In three cases of type IV osteogenesis imperfecta (OI), we identified unique point mutations in type I collagen alpha1(I) cDNA. In two cases, the appearance of dimers indicated the presence of cysteine substitutions in the alpha1(I) protein chain. Cyanogen bromide digestion localized these cross-links to CB8 and 3, respectively. In the third case, the overmodification pattern of the CNBr peptides was compatible with a substitution in the aa 123-402 region of either type I collagen chain. We identified a unique point mutation in each proband, which resulted in substitutions for glycine residues in a 300-aa region of the alpha1(I) helix, specifically, Gly to Ala at codon 220 (GGT-->GCT), Gly to Cys at codon 349 (GGT-->TGT) and Gly to Cys at codon 523 (GGT-->TGT). We compared each proband's fibroblast and osteoblast collagen directly, as well as with fibroblast and osteoblast controls. For all cases, the OI osteoblast collagen was more electrophoretically delayed than OI fibroblast collagen. In the patient with G349C, OI fibroblast and osteoblast collagen synthesized in the presence of alpha,alpha'-dipyridyl co-migrated on gels, demonstrating that the electrophoretic discrepancy resulted from differences in post-translational modification.
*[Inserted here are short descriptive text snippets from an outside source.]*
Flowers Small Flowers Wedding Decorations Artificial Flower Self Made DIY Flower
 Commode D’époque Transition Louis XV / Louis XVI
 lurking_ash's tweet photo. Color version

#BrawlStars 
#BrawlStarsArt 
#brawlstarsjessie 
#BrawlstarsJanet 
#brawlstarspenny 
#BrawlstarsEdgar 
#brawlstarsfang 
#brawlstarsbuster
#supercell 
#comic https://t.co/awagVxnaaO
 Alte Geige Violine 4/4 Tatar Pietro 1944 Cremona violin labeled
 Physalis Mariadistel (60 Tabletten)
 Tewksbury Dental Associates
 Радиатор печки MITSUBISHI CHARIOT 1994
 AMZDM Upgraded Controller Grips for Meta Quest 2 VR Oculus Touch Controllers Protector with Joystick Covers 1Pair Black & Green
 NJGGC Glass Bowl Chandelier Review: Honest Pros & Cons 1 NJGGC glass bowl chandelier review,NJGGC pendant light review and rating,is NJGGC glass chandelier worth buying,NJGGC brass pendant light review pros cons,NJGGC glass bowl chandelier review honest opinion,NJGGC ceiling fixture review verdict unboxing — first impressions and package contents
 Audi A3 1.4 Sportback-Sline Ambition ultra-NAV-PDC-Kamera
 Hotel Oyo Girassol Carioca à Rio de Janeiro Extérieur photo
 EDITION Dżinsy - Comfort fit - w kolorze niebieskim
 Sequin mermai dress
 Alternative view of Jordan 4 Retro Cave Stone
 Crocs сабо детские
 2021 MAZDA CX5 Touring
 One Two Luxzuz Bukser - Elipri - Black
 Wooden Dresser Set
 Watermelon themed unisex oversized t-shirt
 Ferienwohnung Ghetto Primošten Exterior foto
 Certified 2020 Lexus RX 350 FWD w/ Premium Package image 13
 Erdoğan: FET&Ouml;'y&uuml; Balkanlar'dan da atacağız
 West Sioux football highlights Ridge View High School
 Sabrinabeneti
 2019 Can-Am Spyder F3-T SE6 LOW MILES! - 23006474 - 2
Melting temperature curves for stability of the collagen helix yielded an identical Tm for control fibroblast and osteoblast collagen (41.2 degrees C). By contrast, for collagen with the gly349-->cys substitution, the Tm of the fibroblast collagen was 1 degree C lower than the Tm of the osteoblast collagen. These data indicate that the metabolism of mutant collagen might be cell-specific and has significant implications for understanding the phenotype/genotype correlations and the pathophysiology of OI.